In a report that even by the standards of the often critical Commons Public Accounts Committee was especially hard-hitting, the Metropolitan Police was lambasted for not rumbling Mr Williams sooner.
He was convicted in May last year and sentenced to seven and a half years' imprisonment. A backroom civil servant at Scotland Yard he enjoyed a lifestyle way beyond his means. In London, he lived in suburban New Malden; in Tomintoul in Scotland, he was known as "Lord Williams" and went on a spectacular spending spree, acquiring the village's main hotel and several houses.
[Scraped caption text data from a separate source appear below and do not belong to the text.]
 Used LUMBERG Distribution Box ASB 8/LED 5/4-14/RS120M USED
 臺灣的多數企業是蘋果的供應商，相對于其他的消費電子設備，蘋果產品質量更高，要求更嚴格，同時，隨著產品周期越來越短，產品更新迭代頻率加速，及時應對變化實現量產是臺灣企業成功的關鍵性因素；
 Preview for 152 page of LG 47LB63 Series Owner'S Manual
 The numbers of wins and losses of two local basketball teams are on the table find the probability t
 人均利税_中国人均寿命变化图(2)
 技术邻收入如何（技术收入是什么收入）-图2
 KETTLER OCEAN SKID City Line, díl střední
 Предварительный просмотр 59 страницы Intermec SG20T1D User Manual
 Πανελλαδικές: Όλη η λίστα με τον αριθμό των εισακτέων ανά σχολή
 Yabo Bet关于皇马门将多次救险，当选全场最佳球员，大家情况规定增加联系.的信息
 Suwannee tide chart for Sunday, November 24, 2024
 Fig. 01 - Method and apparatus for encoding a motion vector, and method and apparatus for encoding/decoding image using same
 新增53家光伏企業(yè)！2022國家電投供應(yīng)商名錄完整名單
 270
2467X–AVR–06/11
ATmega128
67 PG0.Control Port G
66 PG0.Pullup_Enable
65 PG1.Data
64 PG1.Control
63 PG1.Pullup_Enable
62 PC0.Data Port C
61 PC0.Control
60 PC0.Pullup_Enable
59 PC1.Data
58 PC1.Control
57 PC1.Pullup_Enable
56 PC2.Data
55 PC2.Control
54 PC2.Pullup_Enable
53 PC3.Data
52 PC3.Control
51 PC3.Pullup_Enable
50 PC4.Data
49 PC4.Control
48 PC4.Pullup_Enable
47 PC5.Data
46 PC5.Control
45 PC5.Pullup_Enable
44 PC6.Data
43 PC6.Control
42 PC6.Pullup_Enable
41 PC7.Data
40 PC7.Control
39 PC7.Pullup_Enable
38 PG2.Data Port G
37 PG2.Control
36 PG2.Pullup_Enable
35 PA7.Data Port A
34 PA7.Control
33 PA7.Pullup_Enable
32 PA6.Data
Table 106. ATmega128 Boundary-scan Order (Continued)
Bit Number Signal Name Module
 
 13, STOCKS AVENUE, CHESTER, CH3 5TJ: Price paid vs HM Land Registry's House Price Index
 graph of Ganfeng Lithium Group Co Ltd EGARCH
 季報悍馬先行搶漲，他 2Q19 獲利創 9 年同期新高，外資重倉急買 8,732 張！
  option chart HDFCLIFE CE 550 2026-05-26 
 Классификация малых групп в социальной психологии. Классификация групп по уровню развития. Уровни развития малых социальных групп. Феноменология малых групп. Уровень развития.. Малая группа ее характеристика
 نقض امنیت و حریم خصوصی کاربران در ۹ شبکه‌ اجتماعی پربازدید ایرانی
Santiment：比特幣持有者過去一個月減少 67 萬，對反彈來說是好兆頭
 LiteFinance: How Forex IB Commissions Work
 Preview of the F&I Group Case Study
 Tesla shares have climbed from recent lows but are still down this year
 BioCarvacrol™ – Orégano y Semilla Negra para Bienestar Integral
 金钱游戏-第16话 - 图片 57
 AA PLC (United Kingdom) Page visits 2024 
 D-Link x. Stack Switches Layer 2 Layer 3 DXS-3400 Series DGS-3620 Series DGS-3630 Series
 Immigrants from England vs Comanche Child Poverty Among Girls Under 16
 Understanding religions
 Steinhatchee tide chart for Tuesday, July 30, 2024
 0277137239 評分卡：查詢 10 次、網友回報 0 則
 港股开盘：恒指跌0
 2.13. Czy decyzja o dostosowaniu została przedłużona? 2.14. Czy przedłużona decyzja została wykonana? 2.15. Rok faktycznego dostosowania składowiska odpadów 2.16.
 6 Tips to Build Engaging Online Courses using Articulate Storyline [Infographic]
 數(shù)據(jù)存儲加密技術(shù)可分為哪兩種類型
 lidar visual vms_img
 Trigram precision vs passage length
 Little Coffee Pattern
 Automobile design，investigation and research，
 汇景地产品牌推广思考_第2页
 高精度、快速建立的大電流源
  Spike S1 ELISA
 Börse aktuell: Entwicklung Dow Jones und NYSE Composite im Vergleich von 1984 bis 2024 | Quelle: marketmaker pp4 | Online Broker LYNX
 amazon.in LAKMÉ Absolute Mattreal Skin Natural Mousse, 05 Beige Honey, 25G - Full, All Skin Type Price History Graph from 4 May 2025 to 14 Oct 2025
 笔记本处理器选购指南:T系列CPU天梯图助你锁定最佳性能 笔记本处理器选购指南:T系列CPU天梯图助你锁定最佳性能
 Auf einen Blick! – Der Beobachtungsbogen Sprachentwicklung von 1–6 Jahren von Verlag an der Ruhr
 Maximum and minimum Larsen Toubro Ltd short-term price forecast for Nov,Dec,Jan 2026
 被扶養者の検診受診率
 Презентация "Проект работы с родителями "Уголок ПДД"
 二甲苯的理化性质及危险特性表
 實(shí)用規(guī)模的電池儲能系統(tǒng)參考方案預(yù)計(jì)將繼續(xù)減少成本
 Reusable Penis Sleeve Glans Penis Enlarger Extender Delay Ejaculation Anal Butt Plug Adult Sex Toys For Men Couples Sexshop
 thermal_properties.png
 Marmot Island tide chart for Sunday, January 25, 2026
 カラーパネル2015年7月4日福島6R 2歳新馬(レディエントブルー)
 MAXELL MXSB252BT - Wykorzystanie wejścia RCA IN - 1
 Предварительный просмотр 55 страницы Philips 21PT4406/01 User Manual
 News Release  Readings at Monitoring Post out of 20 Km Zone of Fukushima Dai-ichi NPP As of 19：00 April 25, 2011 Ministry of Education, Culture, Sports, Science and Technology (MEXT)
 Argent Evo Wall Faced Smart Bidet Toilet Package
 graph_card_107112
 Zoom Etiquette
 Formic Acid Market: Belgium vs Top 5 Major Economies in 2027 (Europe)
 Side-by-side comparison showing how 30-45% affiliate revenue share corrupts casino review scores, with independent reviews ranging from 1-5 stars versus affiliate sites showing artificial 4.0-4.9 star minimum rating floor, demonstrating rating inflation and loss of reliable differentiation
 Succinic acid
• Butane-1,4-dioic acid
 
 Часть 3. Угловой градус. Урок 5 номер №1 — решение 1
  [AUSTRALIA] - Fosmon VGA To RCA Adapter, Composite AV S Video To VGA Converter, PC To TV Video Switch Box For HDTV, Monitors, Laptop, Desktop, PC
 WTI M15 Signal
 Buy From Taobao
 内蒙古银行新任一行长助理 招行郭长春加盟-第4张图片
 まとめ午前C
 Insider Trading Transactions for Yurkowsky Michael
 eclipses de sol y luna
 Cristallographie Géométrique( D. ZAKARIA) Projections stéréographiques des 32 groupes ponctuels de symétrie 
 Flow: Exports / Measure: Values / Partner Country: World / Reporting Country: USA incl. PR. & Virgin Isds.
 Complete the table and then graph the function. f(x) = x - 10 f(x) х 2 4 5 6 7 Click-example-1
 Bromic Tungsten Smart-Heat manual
As a trusted official, Mr Williams was put in charge of the financing of a sensitive, one-off, undercover police operation. To combat serious crime and terrorism, the Independent has revealed, the police bought a spotter plane equipped with hi-tech surveillance equipment. To hide its ownership - and prevent suspects realising the aircraft overhead belonged to the police - they booked it through a private company, run by Williams.
He was in sole charge of handling the aircraft's running costs. When the pilot wanted cash for fuel, he asked Williams, who paid it from the company account. The company was then reimbursed by the Met, with no questions asked.
Such a unique scheme, with funding controlled by one individual, was appalling, said the committee. They found it "unacceptable" that the Met could not prevent the fraud, they were "critical of the service for allowing an arrangement which could not properly safeguard public money" and "deplored" the police's failure to tell the Home Office about a departure from standard practice.
Given the secrecy attached to the operation, MPs said they expected Mr Williams to have been positively vetted beforehand. If he had been, checks would have discovered that doubts had been raised about him in the past, when he ran the police's civilian staff welfare fund. An auditor had queried his management of the fund in 1988 but it was only in 1994, after he had finally been arrested for fraud, that an investigation revealed cash had gone missing.
To the embarrassment of the police he was caught only after a bank questioned the large amounts of cash going through his account. Since Mr Williams paid well over the market price for his properties, only pounds 1m of the pounds 5m he stole is ever likely to be recovered.